## Source data
────────────────

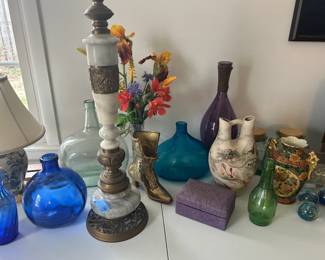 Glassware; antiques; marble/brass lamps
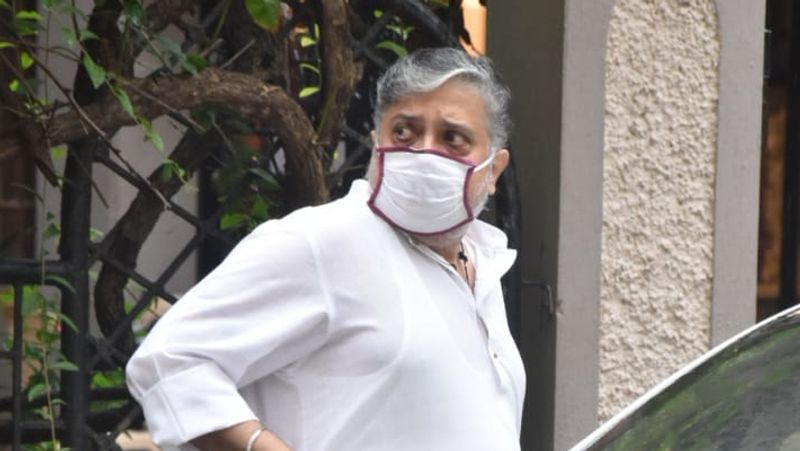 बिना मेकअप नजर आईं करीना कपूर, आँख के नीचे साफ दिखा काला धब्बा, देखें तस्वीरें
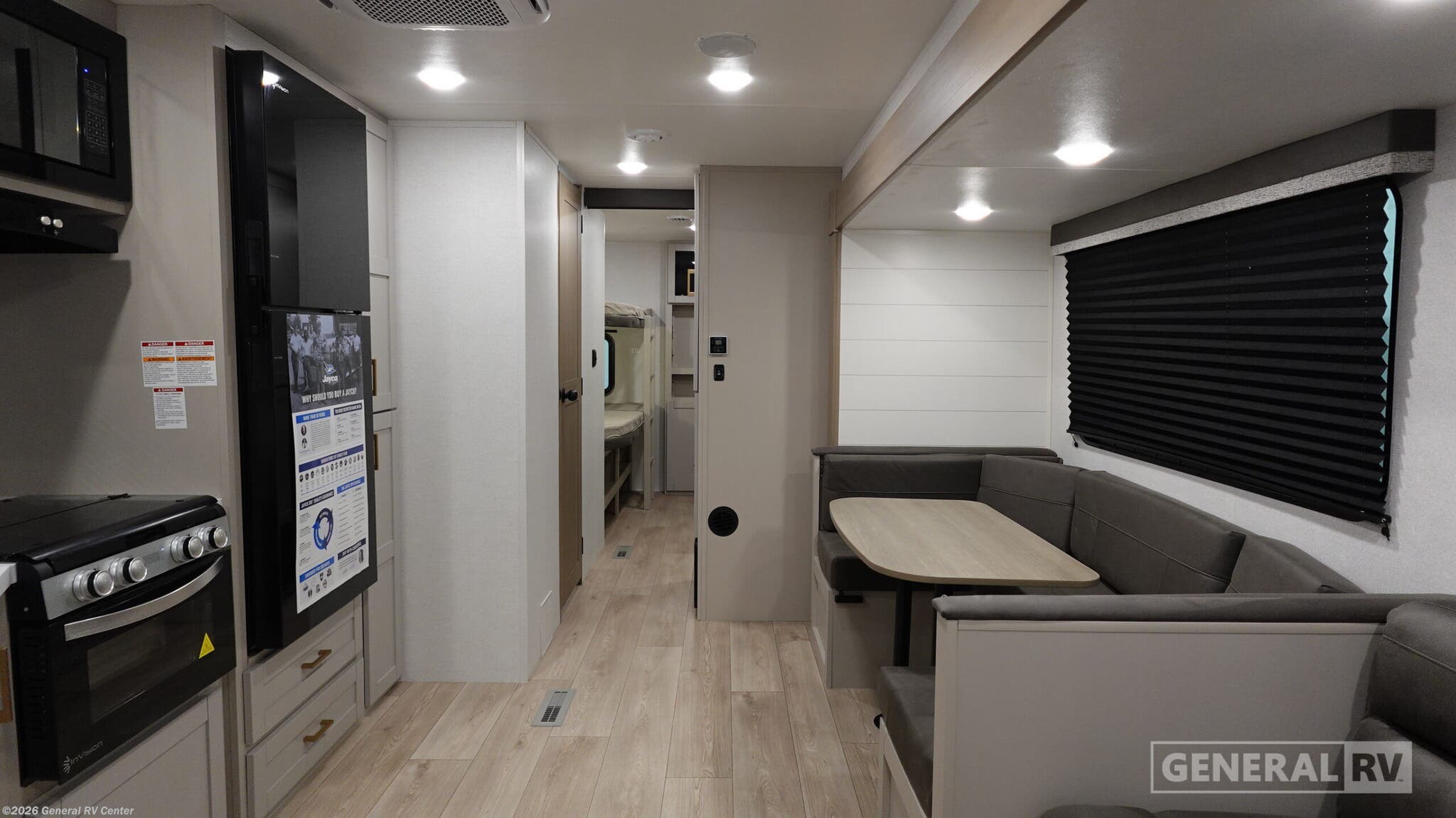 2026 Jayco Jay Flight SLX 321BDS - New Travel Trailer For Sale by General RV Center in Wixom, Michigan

────────────────

## Problem to work on
Print out the complete listing above exactly, dropping each image.

## Result of the task
 Glassware; antiques; marble/brass lamps
 बिना मेकअप नजर आईं करीना कपूर, आँख के नीचे साफ दिखा काला धब्बा, देखें तस्वीरें
 2026 Jayco Jay Flight SLX 321BDS - New Travel Trailer For Sale by General RV Center in Wixom, Michigan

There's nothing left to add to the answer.